RECORDS SUPPLIED
=-=-=
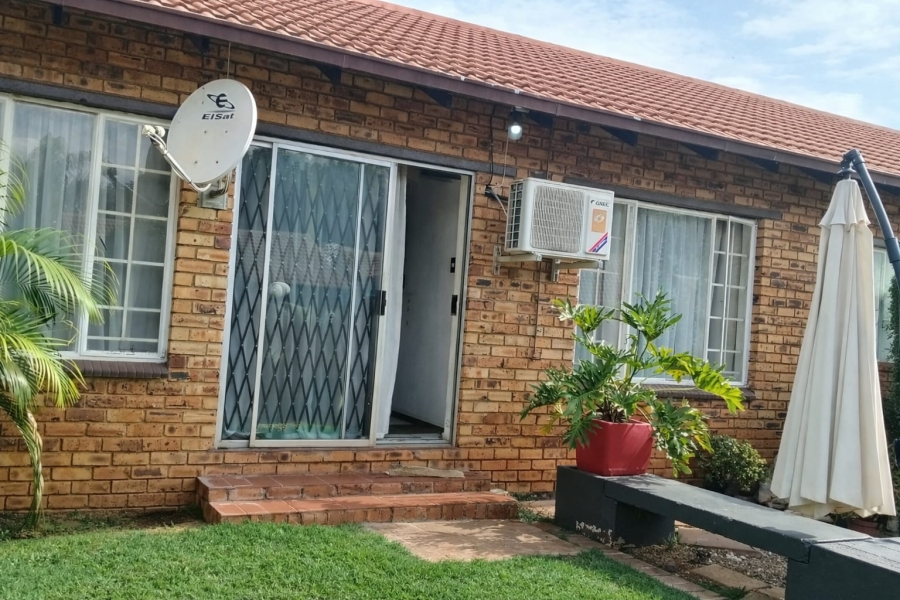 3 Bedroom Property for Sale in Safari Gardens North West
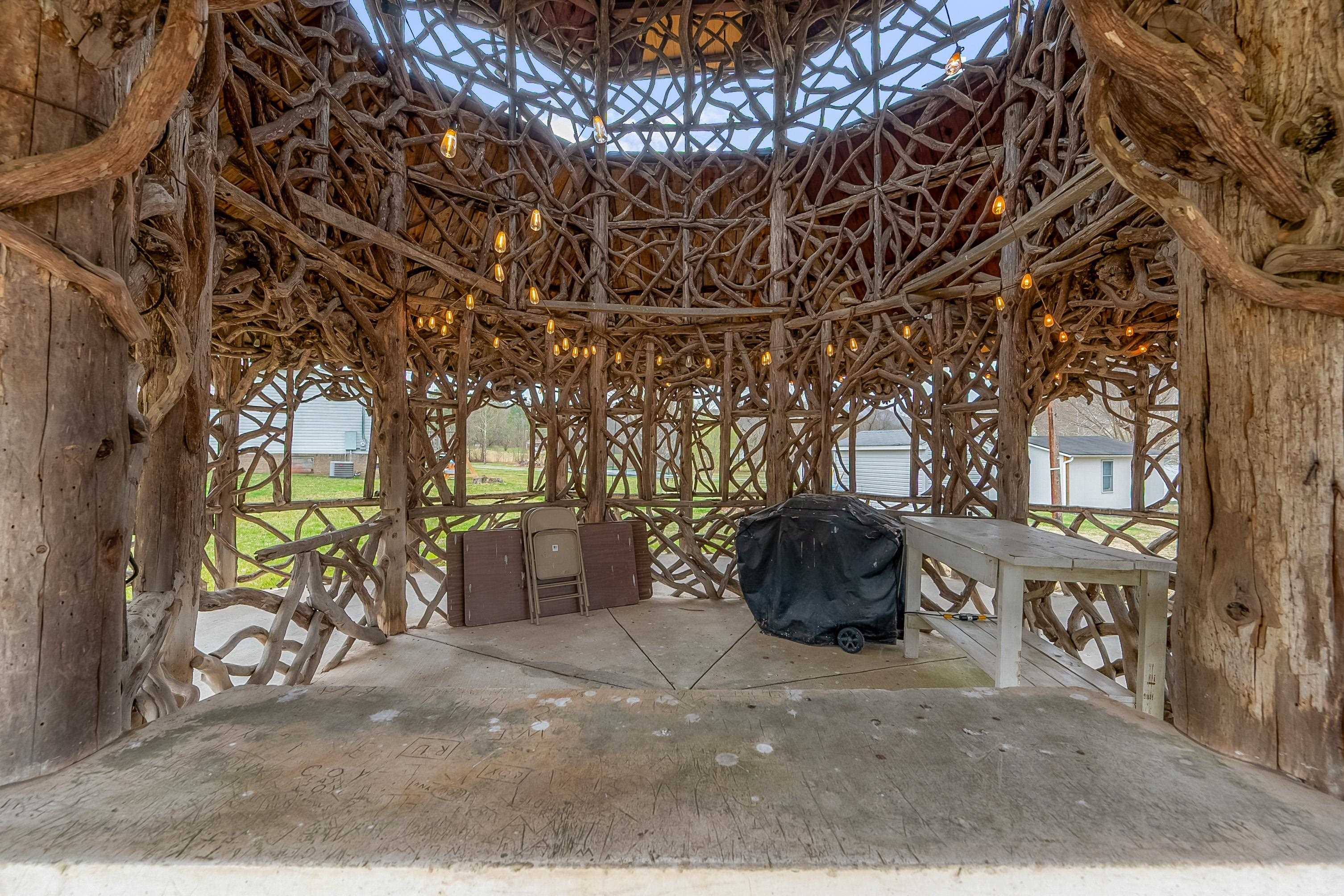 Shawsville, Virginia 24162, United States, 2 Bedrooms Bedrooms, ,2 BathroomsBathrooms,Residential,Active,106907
=-=-=
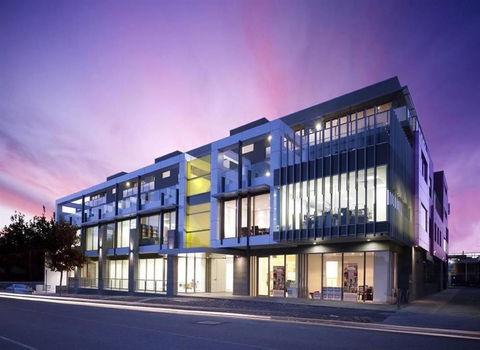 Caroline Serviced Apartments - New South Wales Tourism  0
=-=-=
Going by the data above, give back only the lines from the one containing "3 Bedroom Property" through the one containing "Shawsville, Virginia 24162, United", exactly as they stand, both ends included and no images.

RESPONSE FOR THIS EXERCISE
 3 Bedroom Property for Sale in Safari Gardens North West
 Shawsville, Virginia 24162, United States, 2 Bedrooms Bedrooms, ,2 BathroomsBathrooms,Residential,Active,106907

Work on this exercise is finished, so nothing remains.